Become a Pro Python Developer

Python is savage , it can do almost anything you can imagine . On this tutorial I will guide you to building a Python script that can ultimately save you a lot spaces on your disk space.

Program Overview

The main idea of the program you’re about to built is that , in many situations you find yourself having duplicates files on your disk and checking hem manually it tedious work since you could have saved different name .

By realizing that we are going to built a Python file to recursively remove all duplicate files in a given directory.

How do we do it ?

If we were to read the whole file and then compare it to the rest of the files recursively through given directory it will take a very long time then how do we do it ?

The answer is hashing , through hashing we can generate a given string of letters and numbers which act as identity of a given file and if we find any other file with the same identity we gonna delete it .
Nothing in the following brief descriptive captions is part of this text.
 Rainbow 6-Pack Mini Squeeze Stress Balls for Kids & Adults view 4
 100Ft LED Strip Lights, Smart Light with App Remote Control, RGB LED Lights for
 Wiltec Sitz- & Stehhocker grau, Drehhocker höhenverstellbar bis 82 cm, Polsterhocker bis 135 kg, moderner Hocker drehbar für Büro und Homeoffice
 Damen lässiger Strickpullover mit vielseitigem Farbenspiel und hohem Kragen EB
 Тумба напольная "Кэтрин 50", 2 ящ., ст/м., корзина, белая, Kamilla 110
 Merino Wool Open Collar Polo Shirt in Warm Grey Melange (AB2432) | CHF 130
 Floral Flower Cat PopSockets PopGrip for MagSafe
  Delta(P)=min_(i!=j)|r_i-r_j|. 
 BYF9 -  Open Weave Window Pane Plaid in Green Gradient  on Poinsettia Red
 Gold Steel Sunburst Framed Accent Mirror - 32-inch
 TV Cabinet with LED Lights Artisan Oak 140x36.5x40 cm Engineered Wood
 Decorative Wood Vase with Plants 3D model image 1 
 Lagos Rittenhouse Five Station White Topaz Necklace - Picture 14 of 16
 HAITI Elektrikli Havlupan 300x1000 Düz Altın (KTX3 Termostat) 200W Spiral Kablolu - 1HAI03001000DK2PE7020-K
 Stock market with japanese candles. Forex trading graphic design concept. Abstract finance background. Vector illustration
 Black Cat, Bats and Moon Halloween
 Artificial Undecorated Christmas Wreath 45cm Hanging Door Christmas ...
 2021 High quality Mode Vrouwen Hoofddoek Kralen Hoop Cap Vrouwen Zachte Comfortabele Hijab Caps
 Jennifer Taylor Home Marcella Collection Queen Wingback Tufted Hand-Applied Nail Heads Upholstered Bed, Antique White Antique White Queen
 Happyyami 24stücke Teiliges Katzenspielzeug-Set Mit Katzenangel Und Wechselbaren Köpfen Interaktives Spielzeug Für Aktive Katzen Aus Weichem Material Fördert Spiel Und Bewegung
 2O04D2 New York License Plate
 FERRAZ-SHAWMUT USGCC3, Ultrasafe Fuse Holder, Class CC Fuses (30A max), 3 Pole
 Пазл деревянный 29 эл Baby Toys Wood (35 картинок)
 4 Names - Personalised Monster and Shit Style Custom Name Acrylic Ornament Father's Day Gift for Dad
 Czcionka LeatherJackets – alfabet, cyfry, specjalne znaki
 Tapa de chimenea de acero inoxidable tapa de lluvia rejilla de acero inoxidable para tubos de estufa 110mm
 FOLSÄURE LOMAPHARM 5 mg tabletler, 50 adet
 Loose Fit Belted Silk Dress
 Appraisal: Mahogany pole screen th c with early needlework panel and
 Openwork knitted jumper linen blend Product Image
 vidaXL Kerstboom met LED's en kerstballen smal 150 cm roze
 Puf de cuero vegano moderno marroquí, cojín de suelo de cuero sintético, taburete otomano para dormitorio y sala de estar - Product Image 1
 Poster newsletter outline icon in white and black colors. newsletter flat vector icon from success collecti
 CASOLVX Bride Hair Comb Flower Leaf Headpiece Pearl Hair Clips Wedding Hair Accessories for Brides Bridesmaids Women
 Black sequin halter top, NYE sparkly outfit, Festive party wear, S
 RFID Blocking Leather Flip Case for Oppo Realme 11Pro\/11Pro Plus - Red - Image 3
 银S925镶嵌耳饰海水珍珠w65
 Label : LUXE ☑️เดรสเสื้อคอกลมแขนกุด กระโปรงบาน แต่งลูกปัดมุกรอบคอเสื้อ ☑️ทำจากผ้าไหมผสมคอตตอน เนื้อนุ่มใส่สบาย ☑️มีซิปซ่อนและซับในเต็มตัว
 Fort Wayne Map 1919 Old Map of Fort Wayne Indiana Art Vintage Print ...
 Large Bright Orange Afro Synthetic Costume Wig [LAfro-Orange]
There a variety of hashing algorithms out there such as

Let’s do some coding

Hashing in Python is pretty straight forward we are going to use hashlib library which comes with Python standard library

Let’s see how do we create hash of a string in Python using md5 hashing algorithms

Example of Usage :

>>> import hashlib
>>> example_text = "Duplython is amazing".encode('utf-8')
>>> hashlib.md5(example_text).hexdigest()
'73a14f46eadcc04f4e04bec8eb66f2ab'

It’s straight forward you just need to import hashlib and then use md5 method to create hash and finally use hexdigest to generate string of the hash.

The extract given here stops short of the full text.